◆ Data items
▽

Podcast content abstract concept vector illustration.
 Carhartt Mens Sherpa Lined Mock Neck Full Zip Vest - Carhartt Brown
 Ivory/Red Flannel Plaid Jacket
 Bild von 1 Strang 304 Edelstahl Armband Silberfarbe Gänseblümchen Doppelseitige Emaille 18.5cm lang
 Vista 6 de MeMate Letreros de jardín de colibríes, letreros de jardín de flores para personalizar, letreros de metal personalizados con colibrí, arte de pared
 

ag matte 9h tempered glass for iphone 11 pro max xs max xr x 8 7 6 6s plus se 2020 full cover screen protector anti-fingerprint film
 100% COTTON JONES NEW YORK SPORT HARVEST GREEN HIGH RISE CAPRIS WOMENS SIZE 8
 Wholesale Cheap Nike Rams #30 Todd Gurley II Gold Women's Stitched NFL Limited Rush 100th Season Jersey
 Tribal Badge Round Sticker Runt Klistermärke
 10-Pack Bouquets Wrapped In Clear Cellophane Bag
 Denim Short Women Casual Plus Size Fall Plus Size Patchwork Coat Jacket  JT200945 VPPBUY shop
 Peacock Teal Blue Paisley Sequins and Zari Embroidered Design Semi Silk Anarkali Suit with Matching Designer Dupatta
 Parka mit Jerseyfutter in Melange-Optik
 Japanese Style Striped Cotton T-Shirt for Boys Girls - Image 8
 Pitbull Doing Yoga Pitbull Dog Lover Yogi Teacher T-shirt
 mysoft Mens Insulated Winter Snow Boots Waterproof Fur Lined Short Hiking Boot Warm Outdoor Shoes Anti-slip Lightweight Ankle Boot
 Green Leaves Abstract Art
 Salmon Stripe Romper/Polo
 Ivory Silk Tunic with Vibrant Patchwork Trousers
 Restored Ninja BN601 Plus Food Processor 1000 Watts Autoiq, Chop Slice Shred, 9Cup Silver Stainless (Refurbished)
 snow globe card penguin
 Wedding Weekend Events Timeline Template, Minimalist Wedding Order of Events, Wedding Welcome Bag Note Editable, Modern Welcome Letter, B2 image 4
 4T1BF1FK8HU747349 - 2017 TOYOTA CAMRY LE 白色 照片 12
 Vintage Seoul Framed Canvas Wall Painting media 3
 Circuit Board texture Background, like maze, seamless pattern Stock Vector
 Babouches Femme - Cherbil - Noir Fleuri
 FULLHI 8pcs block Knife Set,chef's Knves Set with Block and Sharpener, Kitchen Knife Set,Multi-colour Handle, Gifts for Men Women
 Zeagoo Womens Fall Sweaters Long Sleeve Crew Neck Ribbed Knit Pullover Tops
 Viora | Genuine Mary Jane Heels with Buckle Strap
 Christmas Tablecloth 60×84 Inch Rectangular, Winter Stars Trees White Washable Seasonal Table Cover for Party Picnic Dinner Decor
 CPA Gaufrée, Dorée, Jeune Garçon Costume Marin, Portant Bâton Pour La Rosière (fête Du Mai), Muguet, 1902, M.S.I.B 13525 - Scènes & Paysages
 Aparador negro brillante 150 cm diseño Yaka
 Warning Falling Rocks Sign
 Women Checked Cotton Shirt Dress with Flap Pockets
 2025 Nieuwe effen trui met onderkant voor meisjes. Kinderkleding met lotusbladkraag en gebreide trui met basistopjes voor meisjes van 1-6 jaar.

△

◆ ACTIVITY
Copy out every entry above exactly.

◆ SOLUTION FOR THIS EXERCISE
Podcast content abstract concept vector illustration.
 Carhartt Mens Sherpa Lined Mock Neck Full Zip Vest - Carhartt Brown
 Ivory/Red Flannel Plaid Jacket
 Bild von 1 Strang 304 Edelstahl Armband Silberfarbe Gänseblümchen Doppelseitige Emaille 18.5cm lang
 Vista 6 de MeMate Letreros de jardín de colibríes, letreros de jardín de flores para personalizar, letreros de metal personalizados con colibrí, arte de pared
 

ag matte 9h tempered glass for iphone 11 pro max xs max xr x 8 7 6 6s plus se 2020 full cover screen protector anti-fingerprint film
 100% COTTON JONES NEW YORK SPORT HARVEST GREEN HIGH RISE CAPRIS WOMENS SIZE 8
 Wholesale Cheap Nike Rams #30 Todd Gurley II Gold Women's Stitched NFL Limited Rush 100th Season Jersey
 Tribal Badge Round Sticker Runt Klistermärke
 10-Pack Bouquets Wrapped In Clear Cellophane Bag
 Denim Short Women Casual Plus Size Fall Plus Size Patchwork Coat Jacket  JT200945 VPPBUY shop
 Peacock Teal Blue Paisley Sequins and Zari Embroidered Design Semi Silk Anarkali Suit with Matching Designer Dupatta
 Parka mit Jerseyfutter in Melange-Optik
 Japanese Style Striped Cotton T-Shirt for Boys Girls - Image 8
 Pitbull Doing Yoga Pitbull Dog Lover Yogi Teacher T-shirt
 mysoft Mens Insulated Winter Snow Boots Waterproof Fur Lined Short Hiking Boot Warm Outdoor Shoes Anti-slip Lightweight Ankle Boot
 Green Leaves Abstract Art
 Salmon Stripe Romper/Polo
 Ivory Silk Tunic with Vibrant Patchwork Trousers
 Restored Ninja BN601 Plus Food Processor 1000 Watts Autoiq, Chop Slice Shred, 9Cup Silver Stainless (Refurbished)
 snow globe card penguin
 Wedding Weekend Events Timeline Template, Minimalist Wedding Order of Events, Wedding Welcome Bag Note Editable, Modern Welcome Letter, B2 image 4
 4T1BF1FK8HU747349 - 2017 TOYOTA CAMRY LE 白色 照片 12
 Vintage Seoul Framed Canvas Wall Painting media 3
 Circuit Board texture Background, like maze, seamless pattern Stock Vector
 Babouches Femme - Cherbil - Noir Fleuri
 FULLHI 8pcs block Knife Set,chef's Knves Set with Block and Sharpener, Kitchen Knife Set,Multi-colour Handle, Gifts for Men Women
 Zeagoo Womens Fall Sweaters Long Sleeve Crew Neck Ribbed Knit Pullover Tops
 Viora | Genuine Mary Jane Heels with Buckle Strap
 Christmas Tablecloth 60×84 Inch Rectangular, Winter Stars Trees White Washable Seasonal Table Cover for Party Picnic Dinner Decor
 CPA Gaufrée, Dorée, Jeune Garçon Costume Marin, Portant Bâton Pour La Rosière (fête Du Mai), Muguet, 1902, M.S.I.B 13525 - Scènes & Paysages
 Aparador negro brillante 150 cm diseño Yaka
 Warning Falling Rocks Sign
 Women Checked Cotton Shirt Dress with Flap Pockets
 2025 Nieuwe effen trui met onderkant voor meisjes. Kinderkleding met lotusbladkraag en gebreide trui met basistopjes voor meisjes van 1-6 jaar.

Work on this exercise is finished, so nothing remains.